[Sca-cooks] Balkan Roots - horseradish?

Volker Bach carlton_bach at yahoo.de
Thu Jun 19 05:43:43 PDT 2008




--- Ian Kusz <sprucebranch at gmail.com> schrieb am Do, 19.6.2008:

> Von: Ian Kusz <sprucebranch at gmail.com>
> Betreff: Re: [Sca-cooks] Balkan Roots - horseradish?
> An: carlton_bach at yahoo.de, "Cooks within the SCA" <sca-cooks at lists.ansteorra.org>
> Datum: Donnerstag, 19. Juni 2008, 13:17
> Well, I'll try this one....
> 
> In a seder (passover feast), which most argue the Last
> Supper was, one of
> the elements is "bitter herbs," to symbolize the
> bitterness of Israel's
> oppression.
> 
> In some parts of the world, the herb (which can be any
> bitter herb) is
> horseradish.  Which, appropriately, induces tears.
> 
> So, I'm guessing it's horseradish.
> 
> I talked to a rabbi, and he said that different areas
> adapted the ceremony
> to whatever was available, herb-wise.

I, too, think it's likely to be horseradish, but I doubt whether this lione of argument works.
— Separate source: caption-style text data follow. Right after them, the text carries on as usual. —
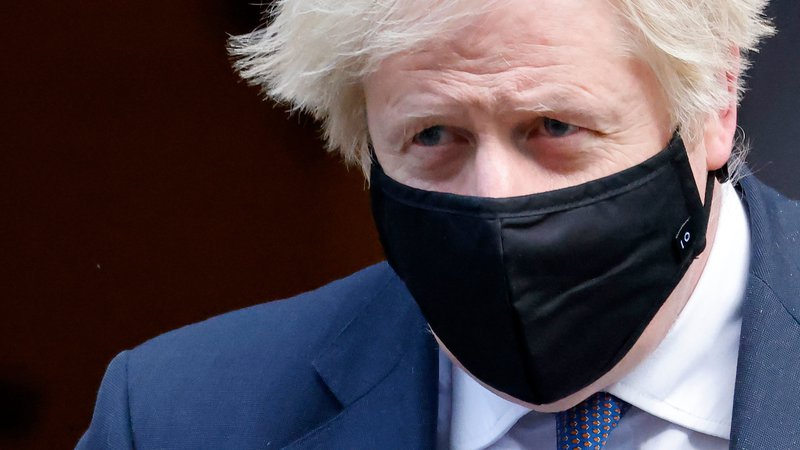 Fotografija: Britanski premier Boris Johnson zapušča 10. Downing street v parlamentu 6. januarja 2021 v Londonu, tik preden je podal izjavo o tretji nacionalni zapori Anglije. FOTO: Tolga Akmen / AFP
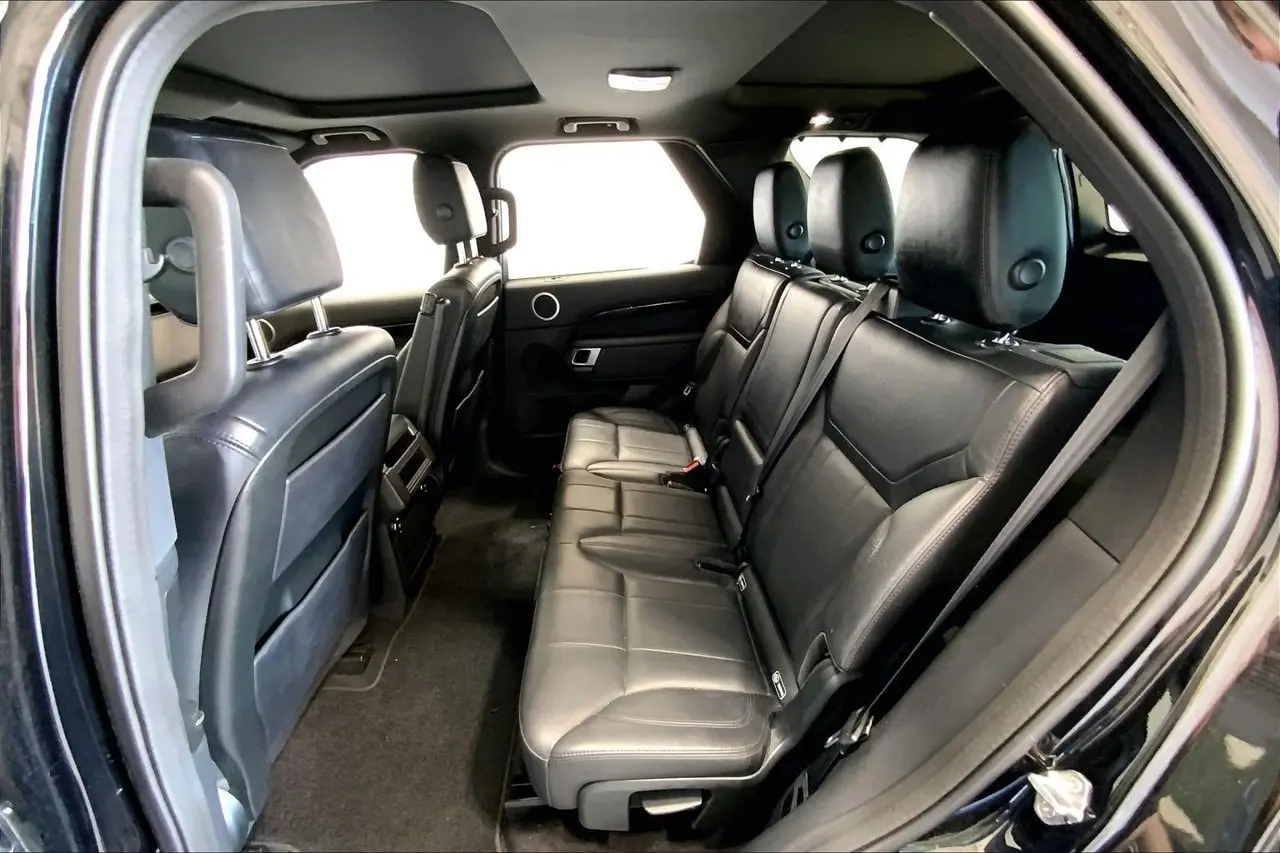 2020 Land Rover Discovery - $11,991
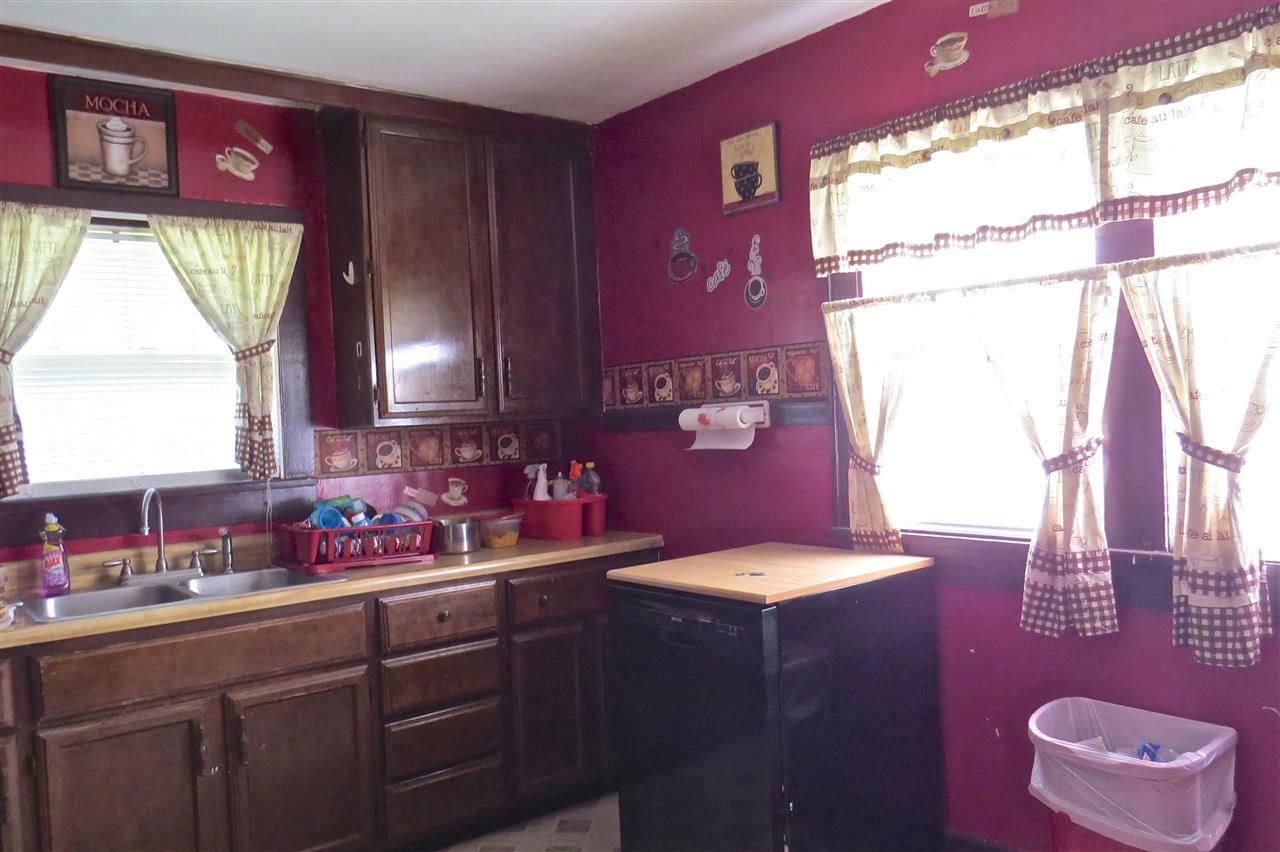 1058 N Harrison St, Frankfort, IN 46041 photo 12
Two of the pictures, after all, show the wedding at Cana, only one the Last Supper, and none of the food on the table otherwise indicates a pessach seder (there's certainly raised bread in evidence). 

How does the Eastern Orthodox tradition handle the passover tie-in anyway? (in Catholic art there is rarely any hint of passover tradition on the table, but frequently fish is being served as a hit-someone-with-a-2-by-4 symbolic hint).